ABOUT THIS EXERCISE: Your output should be the lines below from the one holding "apartamentos - Apartamento" through the one holding "Discussing drummers with Artie", transcribed exactly, with no pictures.

#### DATA FOR THE TASK ####

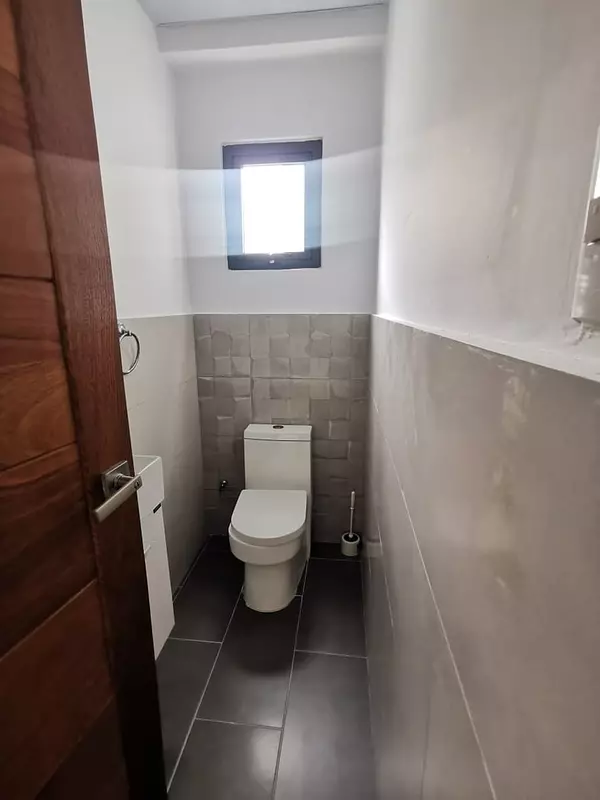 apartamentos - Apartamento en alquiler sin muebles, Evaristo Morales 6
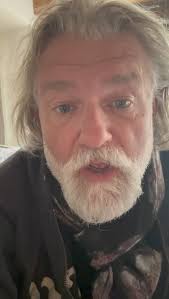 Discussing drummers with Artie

####
#### DATA FOR THE TASK ####

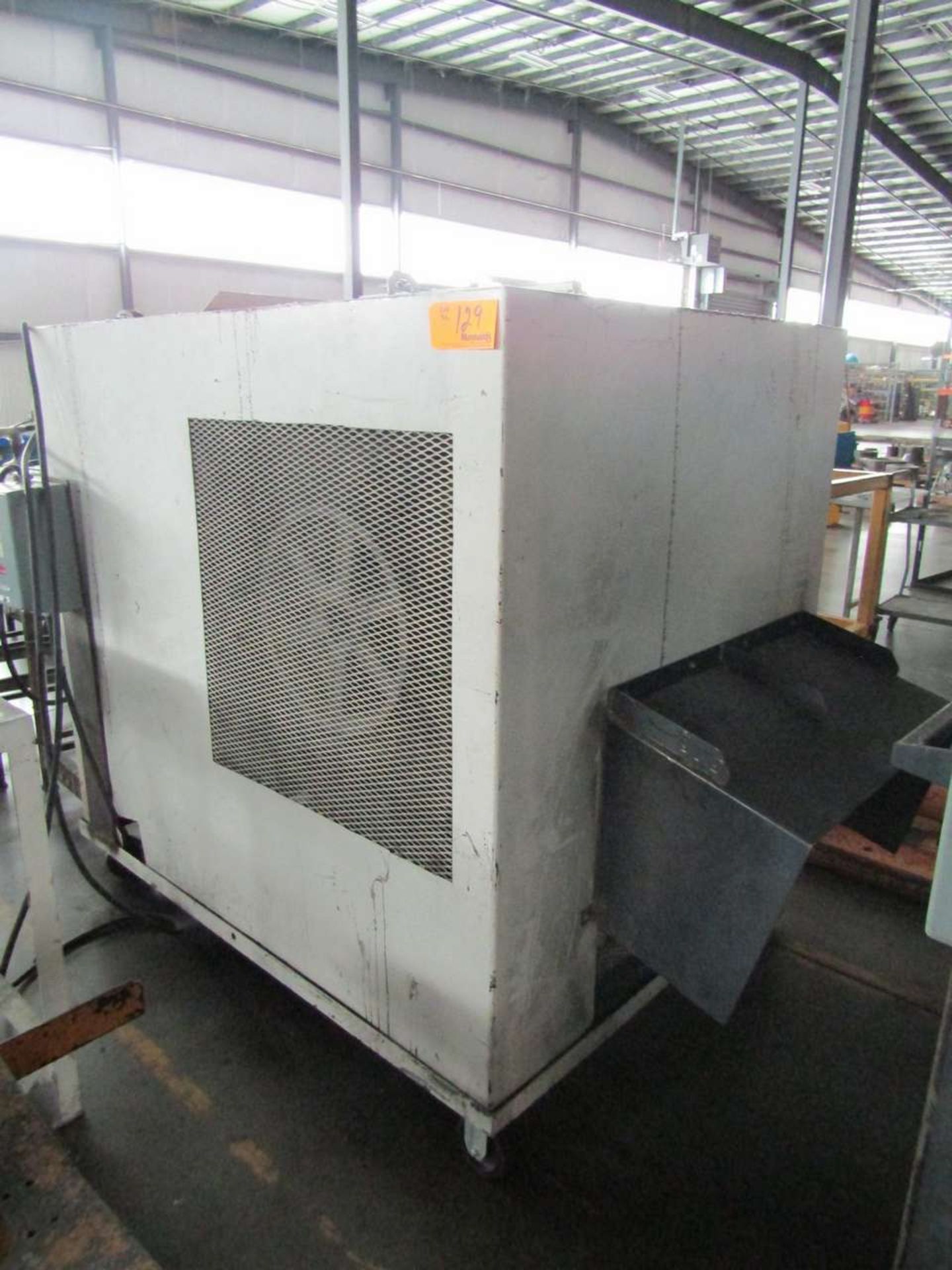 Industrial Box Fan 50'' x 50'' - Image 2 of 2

####
#### DATA FOR THE TASK ####

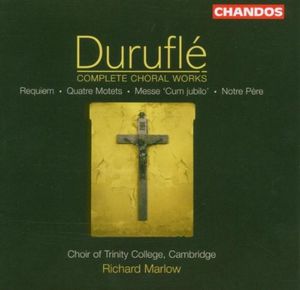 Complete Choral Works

####

EXERCISE ANSWER:
 apartamentos - Apartamento en alquiler sin muebles, Evaristo Morales 6
 Discussing drummers with Artie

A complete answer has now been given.